Sweet apples, smoked pork, and mascarpone are a nice complement to a tangle of pappardelle. Or you can—you must—try the “cheese and pepper” canestri cacio e pepe. The canestri are big ones, 16 millimeter jobs, that look like baskets, dressed with nothing more than pecorino, Grana Padano, and cracked pepper. Elegantly simple, it is undoubtedly the best dish here.
A pizza Margherita is creditable and correct. The crust has that rough, irregularly bubbled “bead” that comes from a superior dough, and the scorched bottom imparts so much flavor. Some other pizzas are tempting, like a four-cheese or a marinara; others, like one with Brussels sprouts, lardo, and lemon, are apparently a sort of culinary joke—we hope. (Pastaria’s pies were recently listed among Esquire’s “most life-changing pizzas,” an unfair burden to lay on a place this new. They’re quite good. Life-changing, they ain’t.)
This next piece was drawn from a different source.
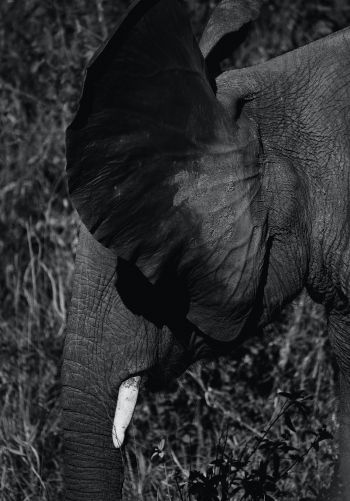 elephant ears, tusk Wallpaper 1668x2388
Desserts? We did mention that gelato bar, right? There are flavors like cassia/blueberry swirl, or Aztec chocolate, or salted caramel. If you don’t like gelato, then get some medical help—but meanwhile, there are other offerings. They had us at cannoli, of course. Then our waitress noted it was stuffed with pastry cream instead of ricotta, as the Lord intended. So we opted for a magnificently fudgy chocolate tart with a hefty glob of crème fraîche and toasted hazelnuts.
The wine list is very good, but do consider a house-made limoncello and a Negroni cocktail aged in bourbon barrels at sister spot Taste.
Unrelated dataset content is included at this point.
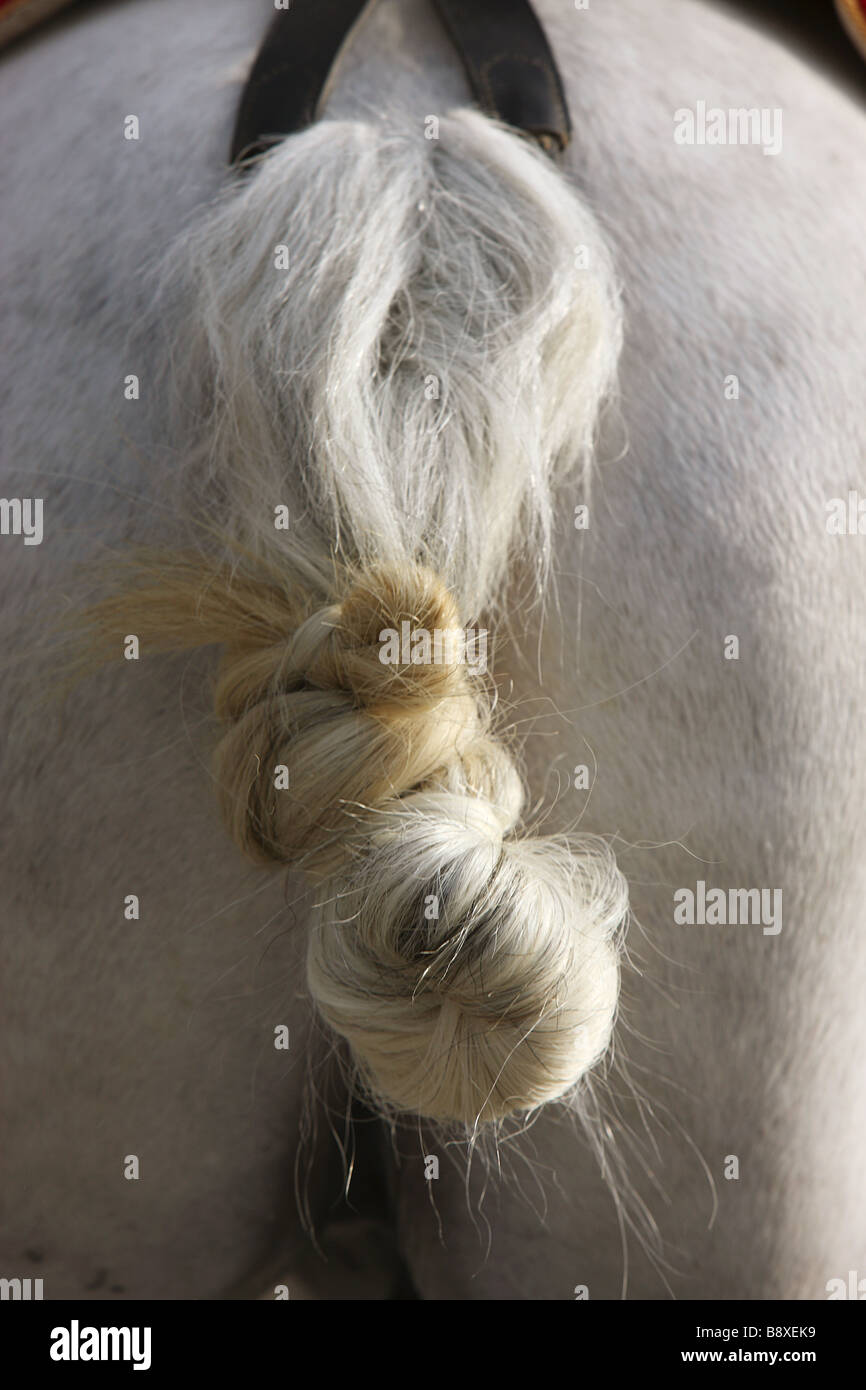 horse tail knotted Stock Photo Alamy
Service is friendly and competent, among the best in St. Louis. One server handled a table of massively annoying diners with an ER’s worth of allergies and idiotic requests with superb cool. And you’ll note that we mentioned children contributing to the noise level here. It’s wonderful. Pastaria is informal enough to make them feel welcome, with a kitchen and chef talented enough to introduce them to the joys of good dining. There are, we’re betting, some future chefs and some future connoisseurs getting their first taste of civilized fare at Pastaria.
The only significant flaw is Pastaria’s no-reservations policy. The reasons for refusing reservations are numerous and good; too many people show up late or not at all. Even so, it is a clear proposition that the restaurant’s time is more important than yours, and those waiting are confined to standing in the doorway or sitting on a few uncomfortable chairs or—if you win the lottery—at the bar. Take our name; take care of us. The staff seems to recognize this, mercifully visiting those waiting with an offer to take drink orders. Suggestion: When they do, ask if they’ll just bring some canestri cacio e pepe. It’ll make the wait so much nicer.
Lunch and dinner daily
Average Main Course: $16
Reservations: Like our offer to autograph one of those pizza paddles, they’re not accepted.
Dress: You’ll be fine in jeans—but they should be your best jeans.